TASK OBJECTIVE: Here is the task for the records below: repeat exactly the lines from the one with "LINGJIA Pack of" to the one with "Custom NAME Charro", both included, and nothing else.

PROVIDED DATA:
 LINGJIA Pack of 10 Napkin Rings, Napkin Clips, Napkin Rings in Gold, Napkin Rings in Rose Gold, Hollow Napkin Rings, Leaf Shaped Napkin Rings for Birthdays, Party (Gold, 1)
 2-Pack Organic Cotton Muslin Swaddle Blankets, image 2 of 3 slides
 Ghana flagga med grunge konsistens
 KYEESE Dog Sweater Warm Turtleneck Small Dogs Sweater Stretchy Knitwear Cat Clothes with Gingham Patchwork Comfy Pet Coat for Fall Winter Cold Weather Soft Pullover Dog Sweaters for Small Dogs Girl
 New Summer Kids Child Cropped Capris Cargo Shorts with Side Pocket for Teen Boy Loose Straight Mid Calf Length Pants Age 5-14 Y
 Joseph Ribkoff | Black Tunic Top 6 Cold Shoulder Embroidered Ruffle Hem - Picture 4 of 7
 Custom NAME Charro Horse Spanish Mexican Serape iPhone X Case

--

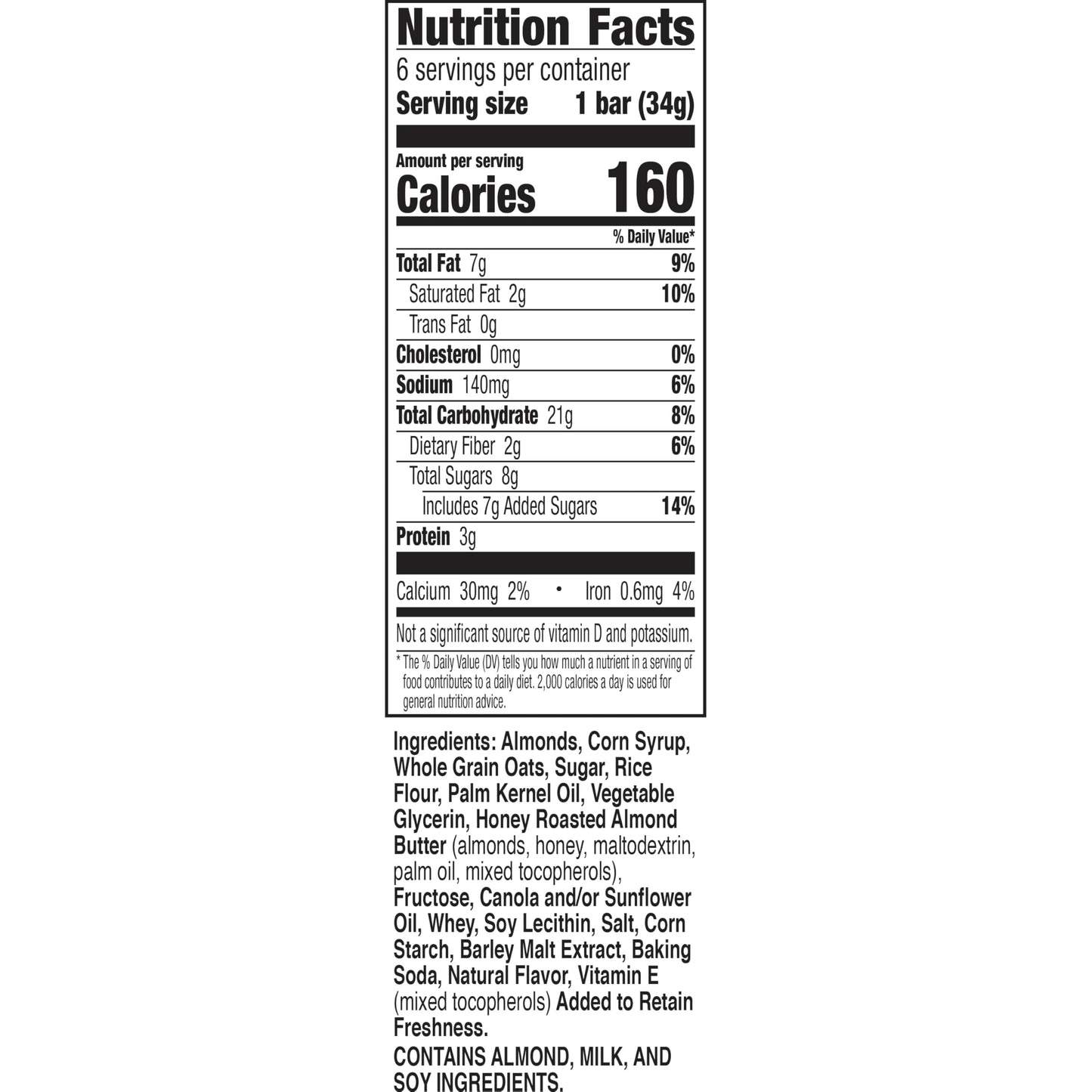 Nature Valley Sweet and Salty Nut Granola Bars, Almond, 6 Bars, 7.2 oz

OUTPUT BELOW:
 LINGJIA Pack of 10 Napkin Rings, Napkin Clips, Napkin Rings in Gold, Napkin Rings in Rose Gold, Hollow Napkin Rings, Leaf Shaped Napkin Rings for Birthdays, Party (Gold, 1)
 2-Pack Organic Cotton Muslin Swaddle Blankets, image 2 of 3 slides
 Ghana flagga med grunge konsistens
 KYEESE Dog Sweater Warm Turtleneck Small Dogs Sweater Stretchy Knitwear Cat Clothes with Gingham Patchwork Comfy Pet Coat for Fall Winter Cold Weather Soft Pullover Dog Sweaters for Small Dogs Girl
 New Summer Kids Child Cropped Capris Cargo Shorts with Side Pocket for Teen Boy Loose Straight Mid Calf Length Pants Age 5-14 Y
 Joseph Ribkoff | Black Tunic Top 6 Cold Shoulder Embroidered Ruffle Hem - Picture 4 of 7
 Custom NAME Charro Horse Spanish Mexican Serape iPhone X Case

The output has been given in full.